Functional annotation of differently expressed genes between patients with high and low NETs scores

The R package ‘clusterProfiler’ package was used to conduct Gene Ontology (GO enrichment analysis based on the differentially expressed genes (DEGs) (|log2FC|≥1, q-value (FDR) <0.05) between the high-risk and low-risk groups.

Statistical analyses

All statistical analyses were performed using the R V.3.5.2 (http://www.r-project.org). The training and test sets were standardized by zero-mean normalization. We used the Kaplan-Meier analysis to assess the probability of survival outcomes in patients within low-risk and high-risk groups. The log-rank test was accustomed to determining the statistical significance of differential groups. By integrating multiforecast indicators, nomogram construction and validation allowed the multivariable Cox regression analysis to be visualized and readable. Decision curve analysis (DCA), first proposed by Vickers and Elkin,28 was used to show the clinical benefit provided by each model. The time-dependent receiver operating characteristic curve was used to measure the prognosis performance by the areas under the curves (AUC) of the NETs score and the nomogram model. For all, a p value<0.05 was considered statistically significant.

Results

Identification of a 19-gene NETs-related signature for pan-cancer

The workflow for constructing the NETs-related signature of pan-cancer was depicted in online supplemental figure S1. First, 69 NETs-initial biomarkers were input into LASSO regression analysis in the TCGA pan-cancer training set (figure 1A), and 24 NETs-related genes with non-zero coefficients were obtained. Subsequently, pairwise correlation analysis was performed on these genes, and we found that some of the genes had similar expression patterns (figure 1B). The correlation coefficients between CTSG and SELP, IL-6 and IL-8, IL-6 and FRP2, TLR4 and FPR1, FCGR3B and FPR1, FCGR3B and FPR2, FPR1 and FPR2 were higher than the others. Therefore, we removed CTSG, IL-6, TLR4, FPR1, and FCGR3B and used the remaining 19 NETs-related genes for further model construction.

Supplemental material

Figure 1

Construction of the neutrophil extracellular traps-characteristic signature for pan-cancer.
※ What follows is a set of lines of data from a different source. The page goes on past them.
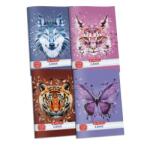 Herlitz Wild Animals A5 12-32 3. osztályos vonalas füzet (09545492)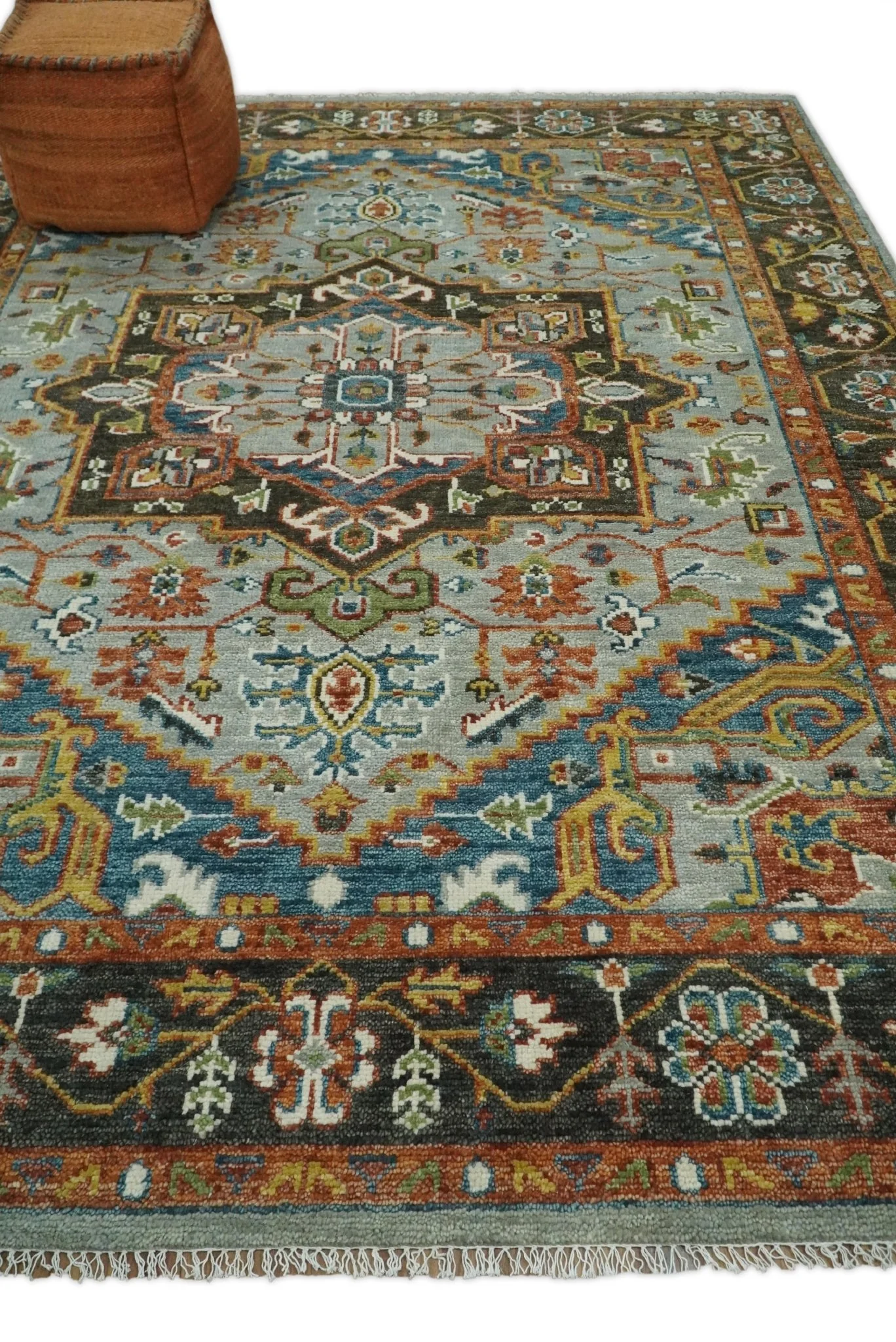 Ready to Ship 8x10, 9x12, 10x14 Traditional Antique Style Hand Knotted Area Rug - Image 3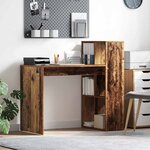 vidaXL Bureau Bois ancien 108 x 55 x 103 5 cm Bois d'ingénierie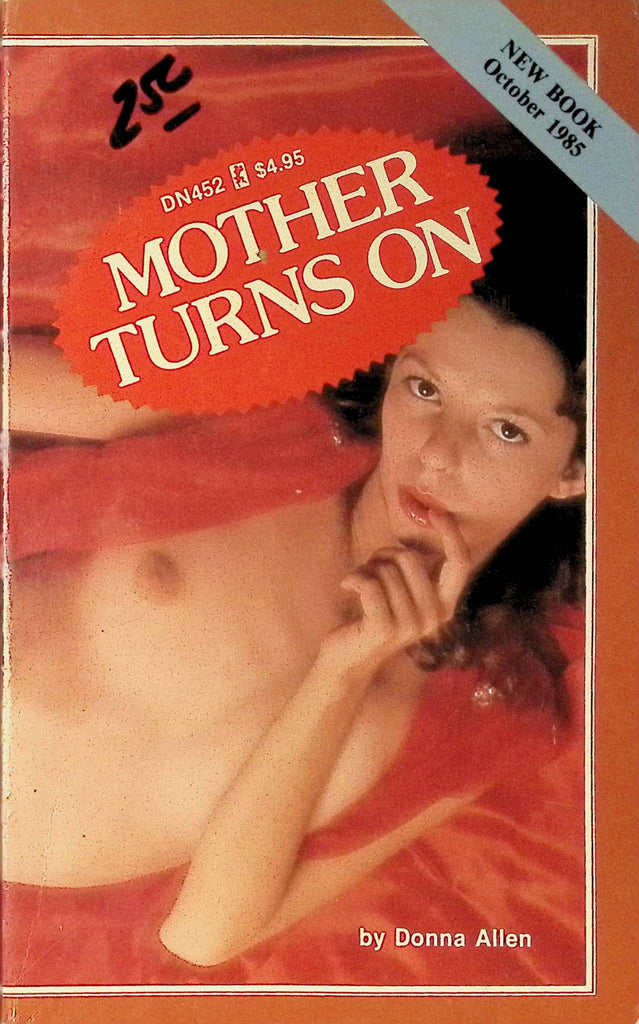 Mother Turns on by Donna Allen DN452 October 1985 Greenleaf Classics Adult Paperback Novel 071025AMP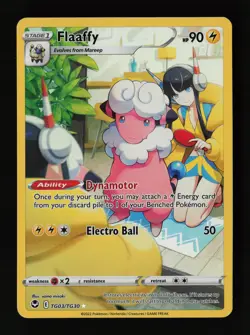 Flaaffy TG03/TG30 SWSH12: Silver Tempest Trainer Gallery Pokemon Card - Image 1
The Cox regression analysis was applied to the 19 NETs-related genes, and a score (the NETs score) based on their normalized expression levels was derived (online supplemental table S6). In addition, the hazard ratio (HR) of every single gene for the prognosis was observed (figure 1C). Not surprisingly, MPO, as an important representative of the tendency of NETosis, was involved in the model.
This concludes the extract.